La lavoratrice ricorre giudizialmente al fine di sentir condannare l’Ente datore a risarcirle il danno patrimoniale, da perdita di chance, biologico, esistenziale e morale, stante la condotta posta in essere in violazione degli artt. 2087 e 2103 c.c.
A fondamento della propria domanda deduce di esser stata demansionata mediante l’adibizione ad una nuova occupazione in posizione subordinata rispetto ad un funzionario con qualifica inferiore e con compiti qualitativamente e quantitativamente minori rispetto a quelli svolti in precedenza.
La Corte d’Appello condanna l’Ente a risarcire il danno patrimoniale per l’accertata violazione dell’art. 2103 c.c., rigettando, invece, le domande volte ad ottenere ristoro per i danni di natura non patrimoniale non considerando gli stessi adeguatamente provati.
In conseguenza di ciò, entrambe le parti ricorrono per cassazione: il datore sostenendo l’insussistenza del demansionamento e la prestatrice affermando il proprio diritto a vedersi liquidato il risarcimento anche per gli altri profili di danno richiesti.

La sentenza

La Cassazione, confermando quanto stabilito dalla Corte d’Appello, afferma che, ai fini dell'accertamento di un eventuale demansionamento è necessario seguire un procedimento logico-giuridico caratterizzato da tre fasi successive, costituite dall'accertamento in fatto delle attività lavorative in concreto svolte, dalla individuazione delle qualifiche e dei gradi previsti dal contratto collettivo di categoria, nonché dal raffronto tra il risultato della prima indagine e le previsioni della normativa contrattuale individuati nella seconda.
Ove da tale indagine emerga, come nel caso di specie, la non corrispondenza tra le mansioni in concreto affidate ed i contenuti di responsabilità ed autonomia gestionale propri della qualifica ricoperta in precedenza dal dipendente, il datore dovrà rispondere della violazione del precetto di cui all’art. 2103 c.c.

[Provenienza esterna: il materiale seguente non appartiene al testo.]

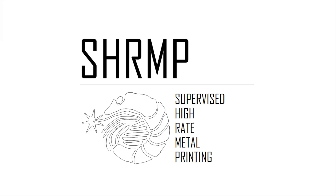But what if that weren't the case? What if the robot could know what was going on around it? What if the robot could know what you want it to do? What if the robot could know if something has changed in its environment? That's something we've been exploring in the Applied Research Lab with a project we've nicknamed SHRIMP — Supervised High-Rate Metal Printing.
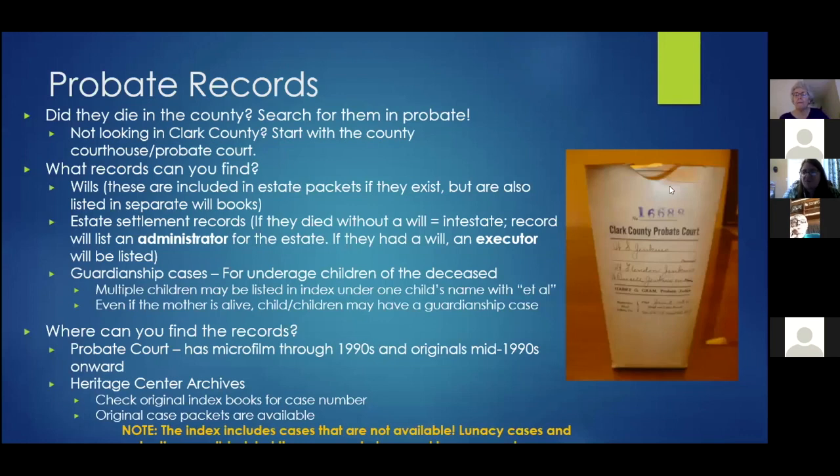Probate records are an important genealogical resource. The Heritage Center has been processing and re-housing these records — unfolding them and placing them in legal-size folders to better preserve them. If someone died in the county, it's worth searching probate, though they won't appear if they had no estate, land, or property to settle. In Clark County, probate has records on microfilm and the Heritage Center has the originals given to them after microfilming.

In quest’ultimo caso, tuttavia, secondo i Giudici di legittimità, il riconoscimento del diritto del lavoratore al risarcimento del danno professionale, biologico o esistenziale, non ricorre automaticamente in tutti i casi di inadempimento datoriale e non può prescindere da una specifica allegazione dell'esistenza di un pregiudizio (di natura non meramente emotiva ed interiore, ma oggettivamente accertabile) provocato sul fare reddituale del soggetto, che alteri le sue abitudini e gli assetti relazionali propri.
Tale pregiudizio, per la sentenza, non si pone, quindi, quale conseguenza automatica di ogni comportamento avente i caratteri del demansionamento.
Conseguentemente, per ottenere il relativo ristoro, per il lavoratore non sarà sufficiente dimostrare la mera potenzialità lesiva della condotta datoriale, dovendo, invece, allegare il demansionamento e fornire la prova ex art. 2697 c.c. del danno non patrimoniale e del nesso di causalità con detto inadempimento.

Su tali presupposti, la Suprema Corte rigetta sia il ricorso principale che quello incidentale.